Many busy people today are eager and willing to pay for a personal assistant. Services required include scheduling appointments, taking kids to and from school, getting a pet groomed, or paying bills. Potential clients include senior citizens, busy executives, and parents with hectic schedules. Work may be scheduled two or three days a week, either the same days, or as needed. Another option is to work a certain number of hours per week or month. The schedule can be worked out with each employer.

Home and Garden Services

Let your special skills earn extra income when you assist neighbors, friends, and colleagues with tasks they cannot do or do not enjoy. This might include house cleaning, laundry, lawn care, pressure washing the exterior, or decorating a room or area. Organizing closets, cupboards, and outdoor work areas are also skills in demand. Hourly rates will vary, but often start at $10 or $15, although the rate can go much higher. This may be a one-time job per client, or a regular service scheduled as needed.

Professional Consultant

If you have work experience in administration, management, or sales, there are many jobs available that let you work from home. You might become an event planner, for example, or conduct surveys using your own phone at home. You could also provide consulting services in specialty areas related to your experiences or career. Tutoring is frequently needed by educational institutions and parents. Financial planning is in demand. If you are a good listener with a counseling background or have business-related experience, you might consider becoming a life coach or a career coach by providing consulting online or by telephone. Training programs vary widely in scope, focus, and cost, but it might be worth looking into.

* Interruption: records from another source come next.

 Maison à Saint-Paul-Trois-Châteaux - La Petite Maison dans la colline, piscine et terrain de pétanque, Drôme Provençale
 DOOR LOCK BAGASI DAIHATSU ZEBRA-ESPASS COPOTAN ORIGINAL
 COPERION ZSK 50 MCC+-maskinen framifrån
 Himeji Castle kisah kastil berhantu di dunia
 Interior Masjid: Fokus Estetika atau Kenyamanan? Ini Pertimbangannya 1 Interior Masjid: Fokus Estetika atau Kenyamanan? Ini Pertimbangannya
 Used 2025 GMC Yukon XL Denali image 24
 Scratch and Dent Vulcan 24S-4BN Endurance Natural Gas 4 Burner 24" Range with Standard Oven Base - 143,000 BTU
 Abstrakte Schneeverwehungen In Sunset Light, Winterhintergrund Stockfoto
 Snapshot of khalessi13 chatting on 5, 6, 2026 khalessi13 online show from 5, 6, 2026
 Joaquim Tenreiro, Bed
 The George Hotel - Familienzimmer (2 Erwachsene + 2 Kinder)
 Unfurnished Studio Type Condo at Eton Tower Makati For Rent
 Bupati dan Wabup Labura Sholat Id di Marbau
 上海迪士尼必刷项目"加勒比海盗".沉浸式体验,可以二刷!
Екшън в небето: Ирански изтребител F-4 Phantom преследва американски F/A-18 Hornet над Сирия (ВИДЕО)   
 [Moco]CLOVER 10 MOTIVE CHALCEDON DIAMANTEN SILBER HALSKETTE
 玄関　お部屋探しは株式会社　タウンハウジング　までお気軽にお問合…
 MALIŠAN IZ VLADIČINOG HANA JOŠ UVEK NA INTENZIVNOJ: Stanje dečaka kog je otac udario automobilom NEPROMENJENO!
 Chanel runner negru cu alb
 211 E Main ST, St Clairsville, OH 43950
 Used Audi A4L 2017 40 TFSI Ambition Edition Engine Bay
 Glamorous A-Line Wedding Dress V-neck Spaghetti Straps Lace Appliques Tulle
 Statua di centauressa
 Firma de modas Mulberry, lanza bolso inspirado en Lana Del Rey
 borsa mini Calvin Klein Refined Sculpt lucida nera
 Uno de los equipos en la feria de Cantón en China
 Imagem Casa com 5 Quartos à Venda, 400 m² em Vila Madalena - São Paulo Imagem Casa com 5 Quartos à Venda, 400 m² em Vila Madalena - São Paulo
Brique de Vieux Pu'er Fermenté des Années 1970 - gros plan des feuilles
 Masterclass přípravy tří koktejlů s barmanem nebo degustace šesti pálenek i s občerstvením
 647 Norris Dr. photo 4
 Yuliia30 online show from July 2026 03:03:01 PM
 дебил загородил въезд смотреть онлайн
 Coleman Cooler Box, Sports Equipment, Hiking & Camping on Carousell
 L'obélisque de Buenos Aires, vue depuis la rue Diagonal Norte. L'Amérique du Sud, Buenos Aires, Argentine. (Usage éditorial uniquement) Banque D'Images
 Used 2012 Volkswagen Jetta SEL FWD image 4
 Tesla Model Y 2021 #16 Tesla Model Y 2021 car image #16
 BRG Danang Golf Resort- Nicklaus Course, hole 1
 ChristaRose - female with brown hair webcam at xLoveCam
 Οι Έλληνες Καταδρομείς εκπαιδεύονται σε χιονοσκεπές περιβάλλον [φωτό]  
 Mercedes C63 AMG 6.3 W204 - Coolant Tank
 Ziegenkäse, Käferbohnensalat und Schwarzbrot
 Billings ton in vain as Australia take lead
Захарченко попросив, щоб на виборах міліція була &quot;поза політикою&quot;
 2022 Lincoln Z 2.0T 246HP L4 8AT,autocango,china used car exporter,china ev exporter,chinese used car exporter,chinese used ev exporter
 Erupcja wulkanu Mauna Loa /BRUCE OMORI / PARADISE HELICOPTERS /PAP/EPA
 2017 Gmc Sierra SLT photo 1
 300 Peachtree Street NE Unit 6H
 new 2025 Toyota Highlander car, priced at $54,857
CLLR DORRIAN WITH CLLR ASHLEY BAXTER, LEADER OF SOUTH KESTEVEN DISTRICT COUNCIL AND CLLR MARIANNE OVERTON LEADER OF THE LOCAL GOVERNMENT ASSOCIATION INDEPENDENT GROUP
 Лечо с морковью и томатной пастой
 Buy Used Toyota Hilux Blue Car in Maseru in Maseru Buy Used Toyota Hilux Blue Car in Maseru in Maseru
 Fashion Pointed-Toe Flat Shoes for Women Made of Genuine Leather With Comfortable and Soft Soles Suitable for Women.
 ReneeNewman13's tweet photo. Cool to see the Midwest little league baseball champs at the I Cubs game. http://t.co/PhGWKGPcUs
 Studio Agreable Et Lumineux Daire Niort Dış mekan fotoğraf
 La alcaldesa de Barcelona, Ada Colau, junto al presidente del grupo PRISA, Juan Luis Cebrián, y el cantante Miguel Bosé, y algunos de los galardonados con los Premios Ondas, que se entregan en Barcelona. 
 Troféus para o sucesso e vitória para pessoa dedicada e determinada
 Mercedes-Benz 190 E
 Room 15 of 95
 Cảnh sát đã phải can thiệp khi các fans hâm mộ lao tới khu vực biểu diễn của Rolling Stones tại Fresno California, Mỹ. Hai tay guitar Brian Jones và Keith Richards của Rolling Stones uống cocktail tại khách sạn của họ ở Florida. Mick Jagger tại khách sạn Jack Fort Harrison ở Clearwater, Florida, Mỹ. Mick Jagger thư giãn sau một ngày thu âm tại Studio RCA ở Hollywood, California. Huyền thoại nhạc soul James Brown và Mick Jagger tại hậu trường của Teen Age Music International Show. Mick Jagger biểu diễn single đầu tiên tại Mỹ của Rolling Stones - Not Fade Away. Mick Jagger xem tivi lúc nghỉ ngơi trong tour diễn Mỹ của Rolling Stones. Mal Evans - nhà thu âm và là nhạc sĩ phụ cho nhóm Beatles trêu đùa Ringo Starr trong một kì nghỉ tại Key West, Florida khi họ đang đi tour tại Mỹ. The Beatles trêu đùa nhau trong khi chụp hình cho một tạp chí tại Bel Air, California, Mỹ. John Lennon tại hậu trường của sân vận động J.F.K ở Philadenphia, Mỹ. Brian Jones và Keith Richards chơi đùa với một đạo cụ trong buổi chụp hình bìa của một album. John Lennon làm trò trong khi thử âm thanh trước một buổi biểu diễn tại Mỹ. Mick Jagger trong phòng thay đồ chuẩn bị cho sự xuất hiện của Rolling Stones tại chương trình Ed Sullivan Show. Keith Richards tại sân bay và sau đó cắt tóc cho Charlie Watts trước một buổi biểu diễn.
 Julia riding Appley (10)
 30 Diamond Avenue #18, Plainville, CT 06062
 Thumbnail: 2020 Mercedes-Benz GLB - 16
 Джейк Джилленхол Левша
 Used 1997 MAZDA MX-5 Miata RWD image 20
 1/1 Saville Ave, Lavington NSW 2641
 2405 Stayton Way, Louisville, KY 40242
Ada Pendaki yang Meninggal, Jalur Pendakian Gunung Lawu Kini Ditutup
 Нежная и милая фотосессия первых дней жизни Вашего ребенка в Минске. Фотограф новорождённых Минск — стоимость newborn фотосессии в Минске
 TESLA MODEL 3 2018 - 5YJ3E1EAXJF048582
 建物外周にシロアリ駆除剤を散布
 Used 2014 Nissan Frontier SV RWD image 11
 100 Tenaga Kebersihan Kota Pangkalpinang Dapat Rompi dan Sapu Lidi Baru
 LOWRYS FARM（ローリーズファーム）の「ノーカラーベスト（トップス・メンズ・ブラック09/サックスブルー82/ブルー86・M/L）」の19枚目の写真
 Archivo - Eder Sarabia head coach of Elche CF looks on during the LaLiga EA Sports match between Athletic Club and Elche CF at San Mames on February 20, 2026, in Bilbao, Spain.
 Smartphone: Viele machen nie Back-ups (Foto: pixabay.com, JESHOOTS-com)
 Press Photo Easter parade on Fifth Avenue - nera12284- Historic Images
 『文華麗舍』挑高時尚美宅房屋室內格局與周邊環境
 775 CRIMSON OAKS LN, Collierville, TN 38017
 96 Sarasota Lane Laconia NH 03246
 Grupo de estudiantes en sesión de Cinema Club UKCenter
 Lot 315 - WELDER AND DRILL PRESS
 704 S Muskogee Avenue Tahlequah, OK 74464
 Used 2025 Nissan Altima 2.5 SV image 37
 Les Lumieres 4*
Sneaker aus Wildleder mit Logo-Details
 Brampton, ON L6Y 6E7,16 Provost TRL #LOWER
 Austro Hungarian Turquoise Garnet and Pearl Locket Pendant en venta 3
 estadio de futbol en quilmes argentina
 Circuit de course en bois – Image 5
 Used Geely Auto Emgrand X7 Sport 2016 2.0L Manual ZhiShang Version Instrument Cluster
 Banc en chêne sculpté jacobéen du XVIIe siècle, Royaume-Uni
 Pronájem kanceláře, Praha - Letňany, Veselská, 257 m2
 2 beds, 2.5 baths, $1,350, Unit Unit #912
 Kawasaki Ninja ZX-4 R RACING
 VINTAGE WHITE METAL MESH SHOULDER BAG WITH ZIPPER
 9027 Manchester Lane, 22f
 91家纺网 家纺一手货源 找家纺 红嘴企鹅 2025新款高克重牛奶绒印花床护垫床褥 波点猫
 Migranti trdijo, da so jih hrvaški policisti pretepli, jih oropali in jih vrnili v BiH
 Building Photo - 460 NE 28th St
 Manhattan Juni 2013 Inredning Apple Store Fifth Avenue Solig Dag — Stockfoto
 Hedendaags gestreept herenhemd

Writer, Editor, or Graphic Artist

Good communication skills can open doors in many areas of commerce. For example, freelance writers for website content or sales articles are often needed. The pay can vary widely, starting with minimal pay of perhaps five dollars per 500-word article, but many writers can produce an article in less than 30 minutes without research. The more experience and publication credits a writer has, the higher rate he or she can request. Someone who is especially good at writing with professional experience in the workplace, such as writing a newsletter or producing written content, may be able to edit other writers’ work for a lucrative fee. Similarly, graphic design skill is widely sought for website design, newsletter development, and other public documents and reading material.

Whatever your background experience or interests may be, chances are there is a way to earn money from it. Browse online for a better idea of jobs that are available in your areas of expertise. Then experiment on a freelance or part-time basis to see what you are good at. Before long you could be earning a regular additional paycheck that will cover your extra financial needs.